╭─ RECORDED INFORMATION
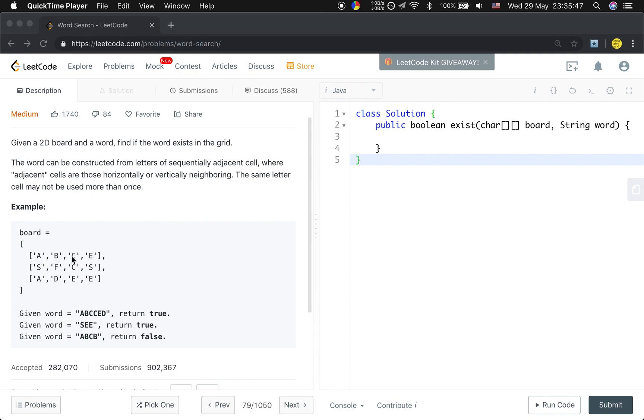But we may pay attention that we cannot use the same character twice. Like A, B, C, B - we cannot get that because we can only use this B once.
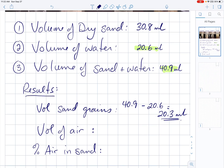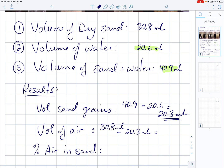The sand itself originally had a volume of 30.8 mL. We now know the sand grains had a volume of 20.3 mL. Why was the dry sand volume bigger? Because there was air. So to find the volume of air, take the dry sand volume — 30.8 milliliters — and subtract the sand grains, 20.3 milliliters. Looking at the decimal places, we keep one decimal place in our answer. We get 10.5 milliliters of air.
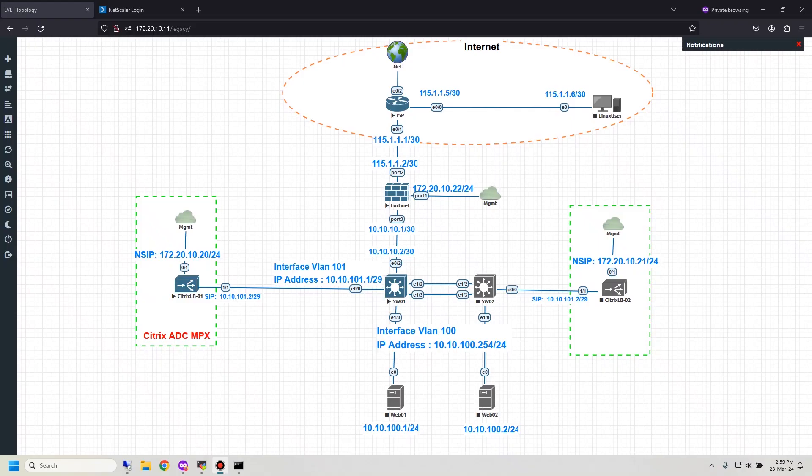Hi friends, welcome back to Network Labroom channel. Today I would like to cover Step 2, Startup Basic Configuration on Citrix ADC.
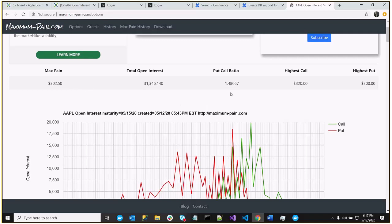Open interest walls, on the other hand, do provide a range. It's based roughly on the same concept as max pain.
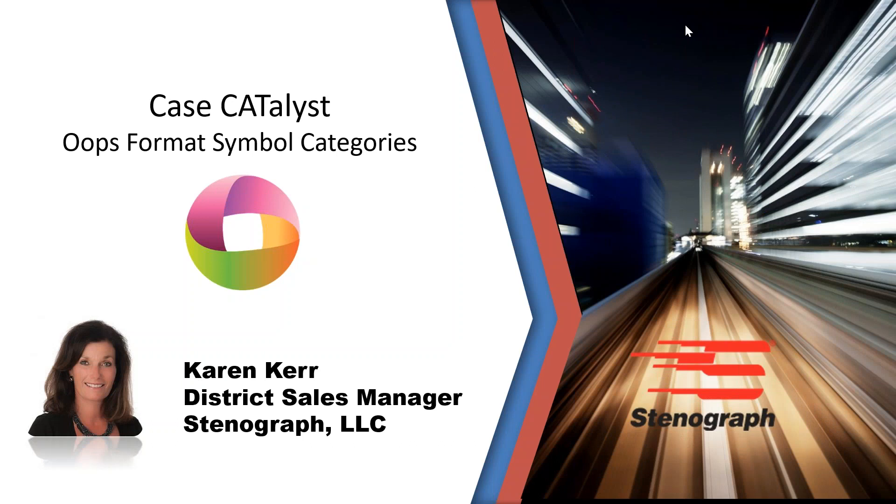Hi, my name is Karen Kerr. I am your Stenograph District Sales Manager. Thank you for joining me.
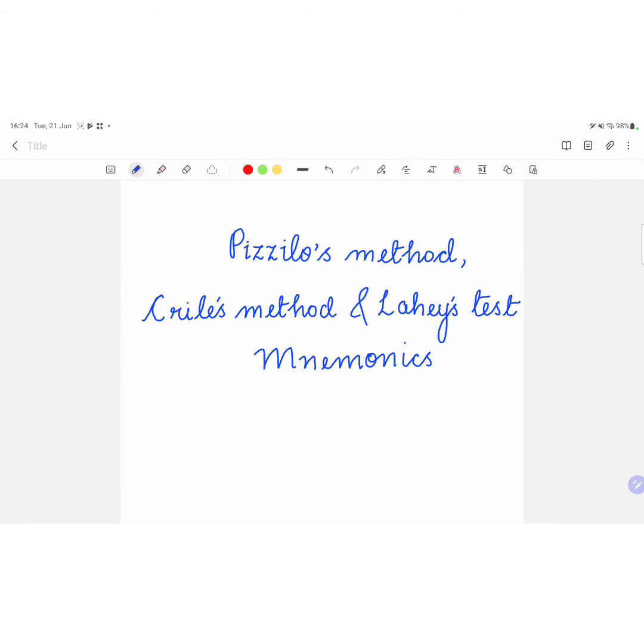Hi guys, I am Vashali and today I will be discussing mnemonics for Pizzillo's method, Krild's method and Lahi's method. So let's get started.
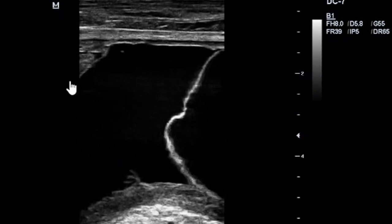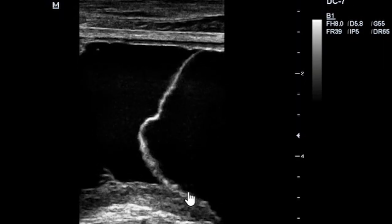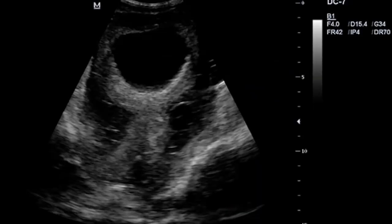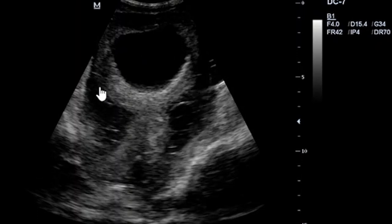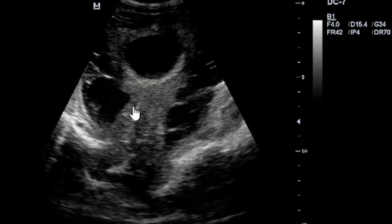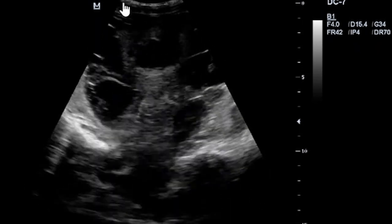In Morrison's pouch, you can see the left lobe of the liver and the subhepatic space, with flaps of septations which are part of the disseminated peritoneal ascites. On ultrasound examination of the suprapubic region, you can see the urinary bladder, and again the same septated ascites stretching all the way around it — the fishnet appearance going around the urinary bladder.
╰─
In the records above, find the line that contains "Hi, my name". Retype it and every line after it, exactly, leaving out all pictures.

_THE COMPLETED TASK_
Hi, my name is Karen Kerr. I am your Stenograph District Sales Manager. Thank you for joining me.
Hi guys, I am Vashali and today I will be discussing mnemonics for Pizzillo's method, Krild's method and Lahi's method. So let's get started.
In Morrison's pouch, you can see the left lobe of the liver and the subhepatic space, with flaps of septations which are part of the disseminated peritoneal ascites. On ultrasound examination of the suprapubic region, you can see the urinary bladder, and again the same septated ascites stretching all the way around it — the fishnet appearance going around the urinary bladder.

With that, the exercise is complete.